As I watched this beautiful ingénue putting on makeup for our shoot, I was transported back to my younger self when I was a “talent” in broadcast media. I cannot say whether it was visceral or something that jogged memory, but I recall every detail of that time and place.
When I described this experience to Lucy, she found herself drifting back immediately to the summer of 1967. Just a few words and she was engulfed in a swirl of memories as vivid as if she was there again. Here is her recollection:
“I was an apprentice at the Peterborough Players. A young girl madly in love with theatre and what I learned was, not only about acting, but that there was a world to discover, beyond the borders of the progressive Cambridge community in which I grew up.
For three summers, I lived on a small, insulated farm that has been fashioned into a theatre at the end of a dirt road. Magic happened nightly on stage and often in the post-performance rituals, sometime around midnight, when the actors gathered at an old dining table to share drunken meanderings, often a piece of poetry, a tearful apology or a stage worthy laugh. And so, it became my first understanding that family is what we make it to be.
Were there times in my life when I was happier or more joyful? Of course, and the answers are obvious: birth of my children, falling in love with my husband, but, at the age of seventeen and on the cusp of womanhood, nothing was ever as sweet, as soulful, as life affirming. We are never at the moment again when it all starts for real.
I can still see the stars that hung low over the valley in Peterborough, remember the faint smell of roses, hear the sudden hush of the audience as the lights dim and the legendary three knocks on the proscenium wall to announce that the play has begun.”
Life has a way of making bargains with ourselves. I did not become an actress, although I think, had I been born some years later, the decision between having and raising children and a theatrical career could have been managed.

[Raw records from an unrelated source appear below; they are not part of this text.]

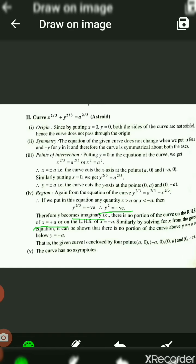Similarly, solving for x and putting values of y, when y > a or y < −a, the same condition arises. No portion of the curve lies above y = a or below y = −a. Finally, for asymptotes, we find that there are no asymptotes for this curve.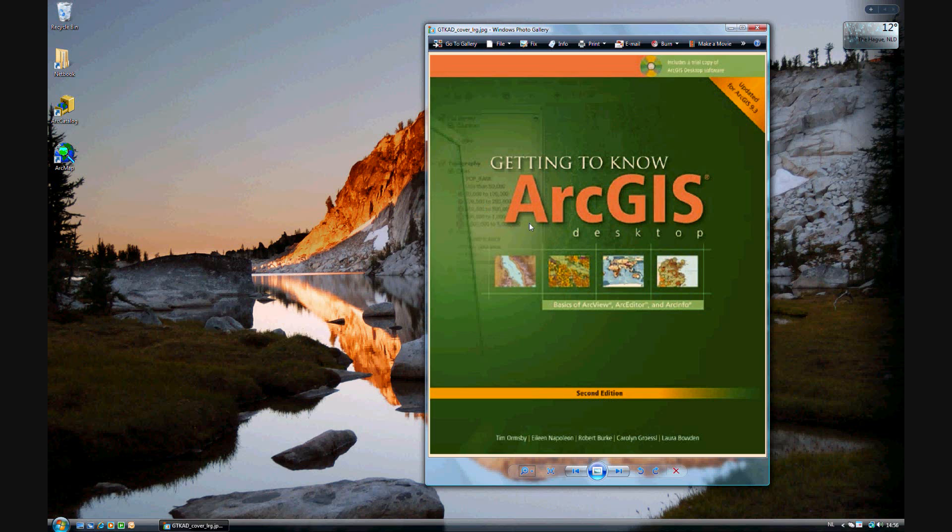In Chapter 15 of Getting to Know ArcGIS Desktop 9.3, we will be creating features using the database we started in Chapter 14.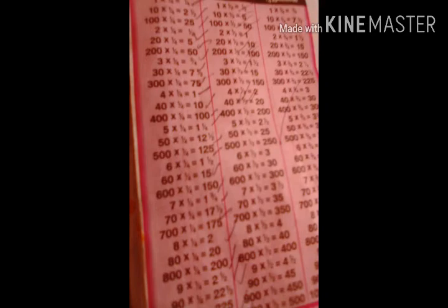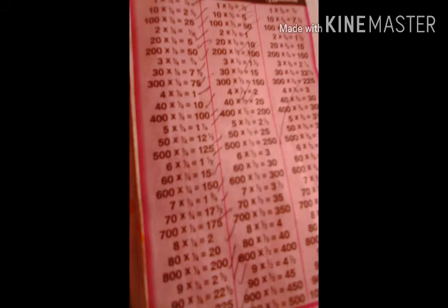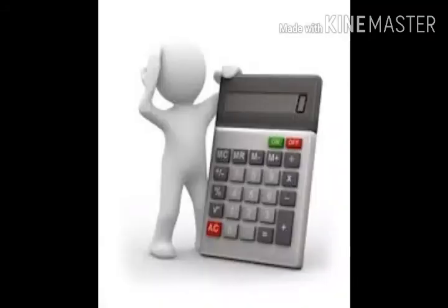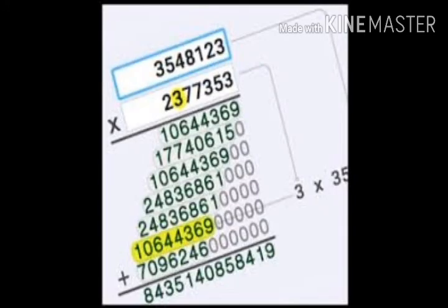6 times 3 by 4 is 4 and a half. 60 times 3 by 4 is 45. 600 times 3 by 4 is 450. 7 times 3 by 4 is 5 and a quarter. 8 times 3 by 4 is 6. 80 times 3 by 4 is 60. 800 times 3 by 4 is 600. 9 times 3 by 4 is 6 and 3 by 4. 90 times 3 by 4 is 67 and a half. 900 times 3 by 4 is 675.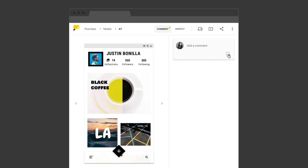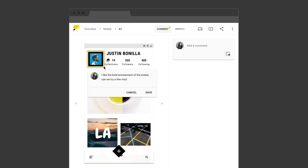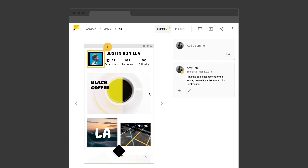Gallery also helps your developers keep track of design changes. You can highlight and comment on a specific area within the file, and resolve comments when the feedback has been taken into account.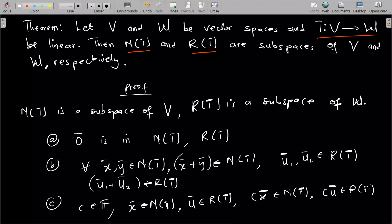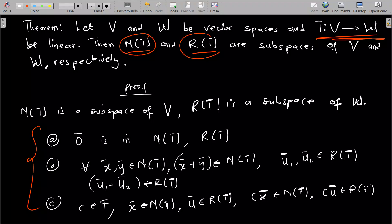In this lesson we are going to continue with linear transformations. We have a theorem here that we want to write a proof for, and before that we need to remember results from the lessons on subspaces and vector spaces. The theorem reads: let V and W be vector spaces, and T maps V to W — meaning T takes a value in V and produces a result in W — be linear. Then the null space of T and the range of T are subspaces of V and W respectively.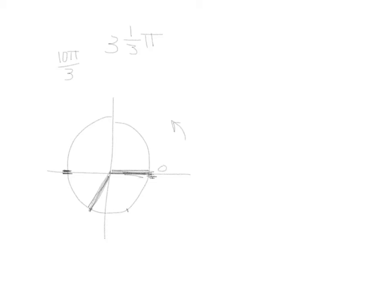So again, let's look at this. There's 1 pi, 2 pi, 3 pi, and 1 third. And we have our angle drawn.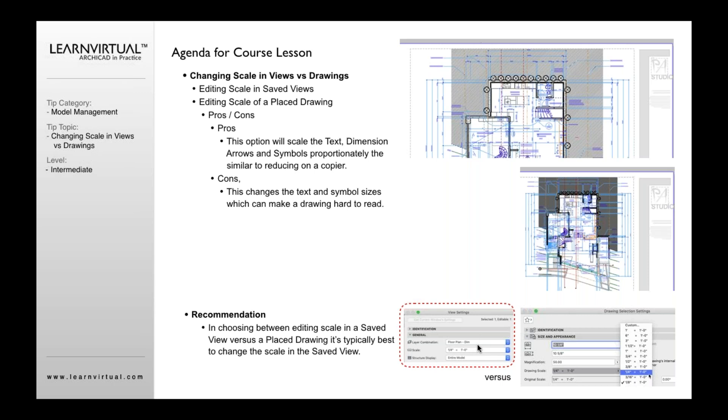even though the scale of the drawing graphic has been scaled down 50%. So what we recommend typically is that you actually use the view settings and change the view settings, not change the drawing selection settings,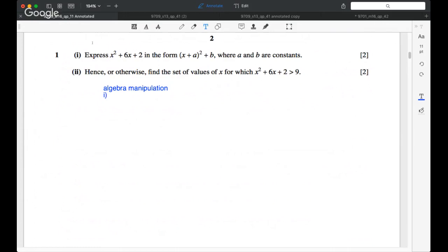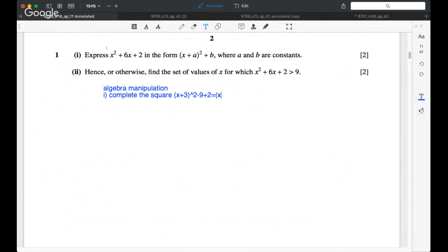You can just complete the square. And when you do completing the square, the coefficient of x is 6. So, half that, you get plus 3 squared. Plus 3 squared will give you a plus 9 — you have to subtract 9 — which will give you the correct answer, which is x plus 3 squared minus 7.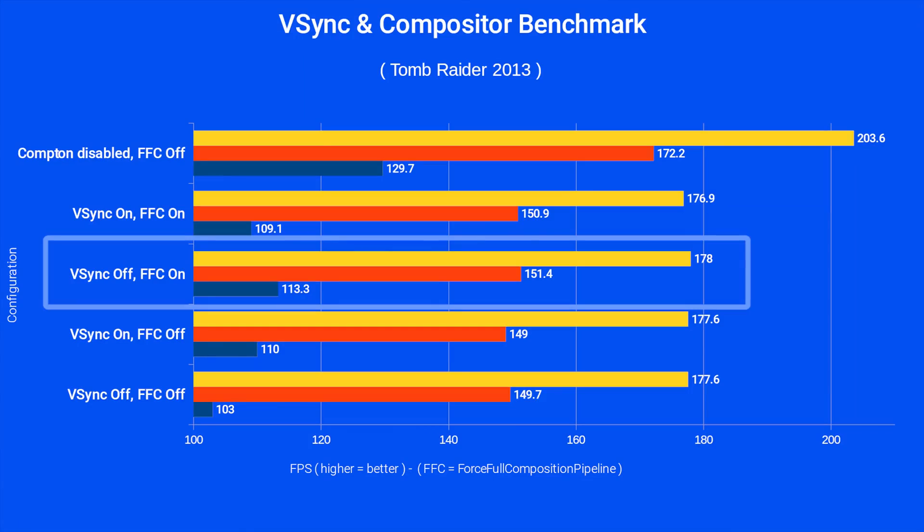Using this method will eliminate tearing and only introduce about 1ms of input delay from my testing. But be aware, I don't have any of the actual testing equipment to test this in a scientific way. I prefer this option out of all because it eliminates tearing and doesn't introduce any noticeable input delay, and this allows the compositor to only focus on drawing applications.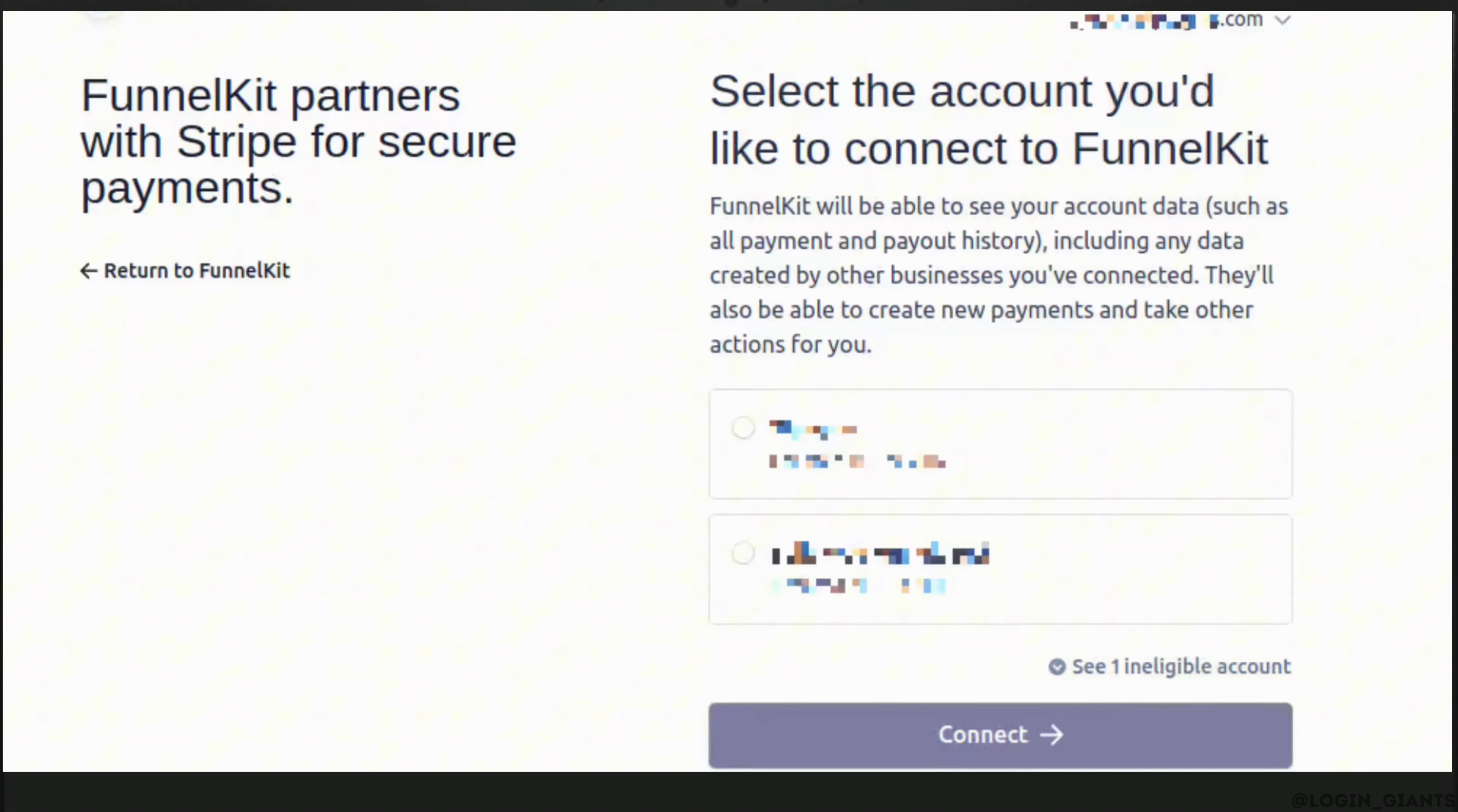Now you need to select the Stripe account that you want to use for the WooCommerce Apple Pay integration. Once you've selected your account, click on Connect.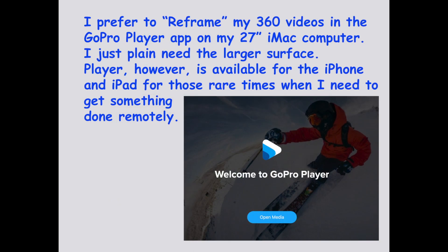any 360 camera will capture image from completely around it in all directions. Some people will simply post that file the way it is and let the viewer decide what perspective they'd like to see. For me, I prefer to bring that file into a program like GoPro Player and use a reframing technique to decide what perspective to lock the image into for the viewer to look at.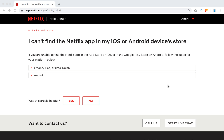Hello everyone, welcome to MrHack.io. There can be some situations when you just can't find your Netflix app in the iOS or Android store. So what do you do in these cases?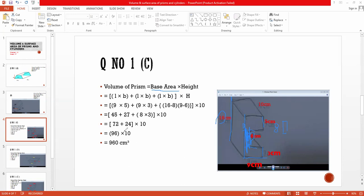The base area is 96, and the height of this prism is equal to 10 centimeters. So we multiply the base area by the height and we will get the volume of this prism.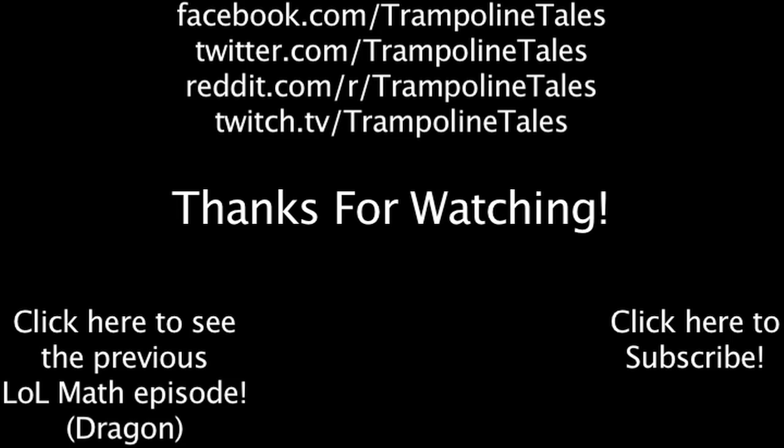You can also like LoL Math on Facebook, follow me on Twitter, and join the community on Reddit. Thanks for watching this episode of LoL Math. We'll see you next time.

But there is no going back and no trading the wonderful humans that I have raised for any other life choice.
There are moments of bliss from those days of our youth. I am so glad that mine still resonant and, in many ways, remind me that, if nothing else, the theater teaches us to listen, to be in the moment. Each of us come into the world with a potpourri of talent which comes in all colors, sizes and desires. Sally Stearns Brown….you are still here with me.
One of the treasures of growing older, is that we have a rich reservoir of experiences that touched us deeply and they are lying just below the surface waiting for a chance to remind us of the girl we once were. There is a sense of magic and wonder when memories flood back in such detail. These treasured details help us understand the road that got us to where we are today.
I am not clear how we can trigger these moments from the past, but I hope you do have the privilege of recall to your journey that brought you to who and where you are today.